U.S. Department of State 2004 Trafficking in Persons Report - Colombia
|Publisher||United States Department of State|
|Author||Office to Monitor and Combat Trafficking in Persons|
|Publication Date||14 June 2004|
|Cite as||United States Department of State, U.S. Department of State 2004 Trafficking in Persons Report - Colombia, 14 June 2004, available at: http://www.refworld.org/docid/4680d82320.html [accessed 13 July 2014]|
Colombia (Tier 1)
Colombia is a major source and transit country for women and girls trafficked for sexual exploitation. Colombians are trafficked to Central America, Panama, the Caribbean (particularly the Netherlands Antilles), Japan, Singapore, and Europe (particularly Spain and the Netherlands). The Colombian government estimates that up to 50,000 of its citizens are in prostitution abroad, mainly in Western Europe and Japan; many of these persons are trafficked for sexual exploitation. There is significant internal trafficking for sexual exploitation in which victims are transported from rural to urban areas. Some Colombian men and boys are trafficked internally for forced labor, and the FARC terrorist organization carries out forced conscription of children for armed conflict.

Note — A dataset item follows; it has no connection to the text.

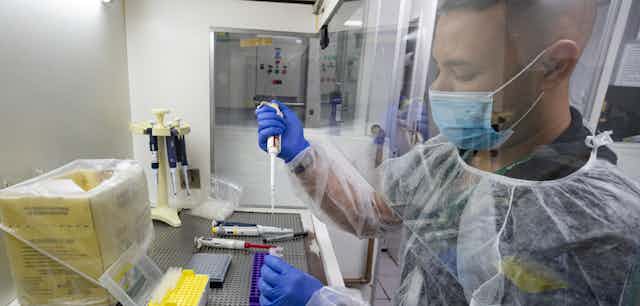 A researchers seen in a lab wearing a medical mask.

The Government of Colombia fully complies with the minimum standards for the elimination of trafficking. The government has shown political will at the highest levels to address one of the largest national outflows of trafficking victims in the Western Hemisphere, brought about by a guerrilla insurgency and narco-criminal enterprises. In response, the government's inter-agency committee is a model for the hemisphere: coordinating prevention campaigns, promoting law enforcement, launching a criminal database, and facilitating intra-government cooperation.

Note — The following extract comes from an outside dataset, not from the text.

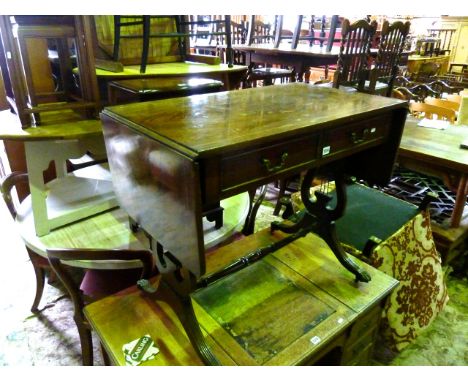 A reproduction Georgian style sofa table with two real and two dummy drawers, raised on lyre shaped supports with central rai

Colombia has a comprehensive anti-trafficking law and an active enforcement strategy, the keystone of which is to reach out to police officials in destination countries to break up trafficking rings and prosecute traffickers. The government conducted six international operations that freed 14 women and led to the arrests of eight traffickers. Colombia's cross-border cooperation is excellent and should be expanded to Panama and Western Europe. In 2003, the government conducted 16 prosecutions resulting in several plea bargains and three convictions for trafficking offenses. There were another 306 investigations; this marked a 38% increase from the previous year.
The government recognizes the needs of victims and generally makes solid attempts to assist its citizens abroad and child victims at home. However, these efforts are inconsistent and hampered by a lack of resources. For example, some Colombian diplomatic missions, such as the embassy in Japan, have aggressively worked to help Colombian victims; others, such as the embassy in Panama, have not thoroughly pursued with Panamanian officials the need to rescue victims trafficked for sexual exploitation. The Ministry of Foreign Affairs needs to ensure that Colombian victims who want to return home are able to do so. Generally, only child victims of internal trafficking receive government assistance.

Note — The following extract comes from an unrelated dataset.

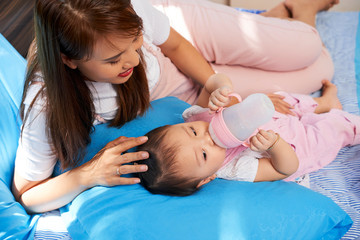 Obraz na płótnie Canvas Mother feeding child with baby formula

The government provides leadership and coordinates with a wide variety of institutions, including NGOs, in implementing its prevention strategy. The inter-agency committee has prepared information campaigns and helped ensure telephone hotlines function effectively. Colombian immigration officials monitor airports closely to seek out and warn potential trafficking victims before they depart; most trafficking victims travel by air. By comparison, Colombia's land border and seaports are poorly monitored. Colombia is faced with the formidable challenge of organized crime luring its citizens abroad, particularly to Western Europe and Japan. Despite prevention efforts, this outbound trafficking continues largely unabated. Destination countries need to work more closely with the Colombian government to stem this flow.